As to Columbus’s character, Irving — perhaps anachronistically — found Columbus most guilty in his plans to enslave the Carib Indians [40] , yet in the end allots him heroic status. He is “the mariner who by his hardy genius, his inflexible constancy, and his heroic courage, brought the ends of the earth into communication with each other.”[41] And Irving’s work ends with reflections on how happy Columbus would have been at the end of his days had he known what was to come about as the result of his life: “the beautiful land he had discovered, the nations and tongues and languages which were to fill its lands with his renown and revere and bless his name to the latest posterity!”[42]

V

Irving’s biography, in either its complete or abbreviated version, was to pass through at least 175 editions and to serve as a principal source for school text-books and other derivative lives [43]. In its wake followed a quasi-official cult of Columbus. The first statue to him in North America was erected on the facade of the Capitol in 1844 [44] . Thenceforth painters and sculptors and a rich variety of poets and poetasters took him as their theme [45] .Yet in this period he was, for the generality of Americans, compared with the men of the Revolution, very much a second-rank hero, a hero, perhaps, for the learned and cosmopolitan [46]. In its eager pursuit of the wampum, Tammany soon lost not simply all interest in, but all memory of, its erstwhile second patron[47] .One thinks again of the first monument to Columbus in the United States, the obelisk raised by Le Paulmier d’Annemours, French consul at Baltimore, on the grounds of his estate in 1792, which soon came to be thought of by the locals as “a commemoration of his horse by one Zenos Barnum.”[48] Or one turns to the place-name evidence. There are some twenty places in the United States called “Columbus” or “Columbia:’ In some instances, it’s clear the naming was done with conscious thought of the man.
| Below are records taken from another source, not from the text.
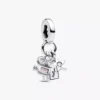 Hollywood-Symbole-Charms aus Sterlingsilber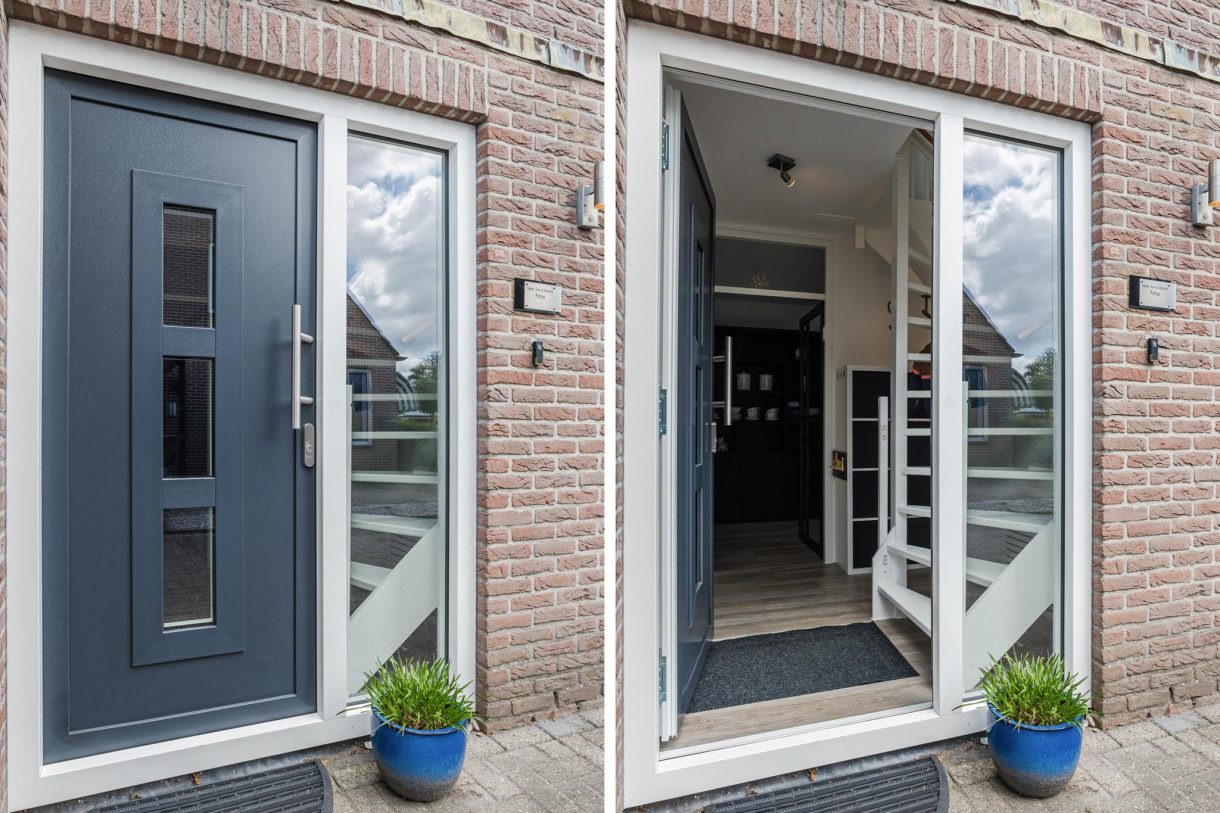 Te koop: Foto Woonhuis aan de Slootakker 11 in Beilen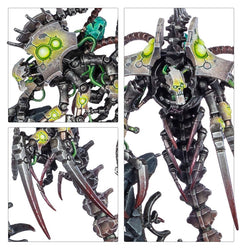 Necrons: Nekrosor Ammentar
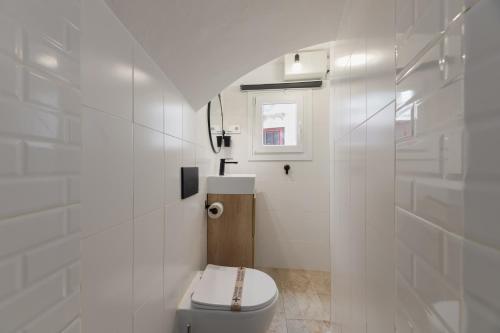 Silos Secret · Boutique Studio | Patio · A/C | Old Town Tarifa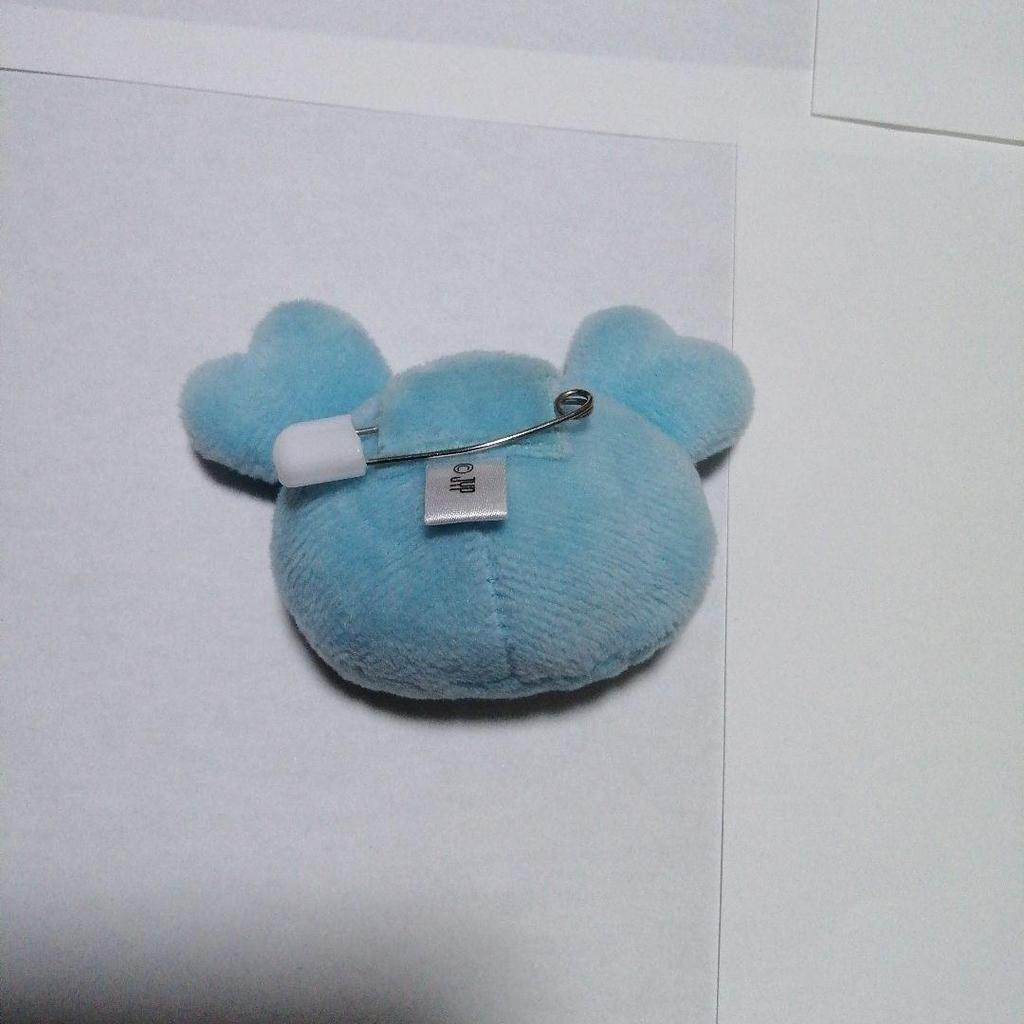 [USED] TWICE 5TH ANNIVERSARY Plush Badge Nayeon Naburi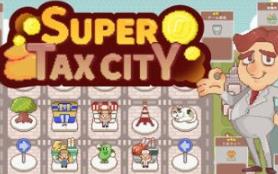 超增税都市/SuperTaxCity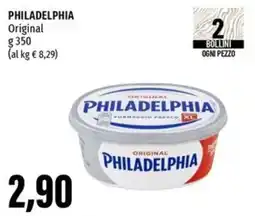 Emi Supermercati PHILADELPHIA Original offerta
In 1812 the Ohio General Assembly established Whig immigrants from Canada on a site they called “Columbus;’ because “to him are we primarily indebted in being able to offer the refugees a resting place:’ Yet when, in 1817, Possum Town, Mississippi changed its name to “Columbus;’ one may suspect that other factors beside reverence for the admiral played a part [49] . Again, one can put the popularity of the man in perspective by remembering that there are, today, 121 post-offices called Washington and that there are 19 Franklins in that state of Ohio whose capital is Columbus [50] . Indicative, again, was that moment in 1853 when the settlers of the northern part of the territory of Oregon asked Congress that their lands should be known as “the territory of Columbia.” To which, came back the reply: “Why not, rather, Washington?” Unanswerable; henceforth the United States was to pair Washington State and Washington D.C.[51]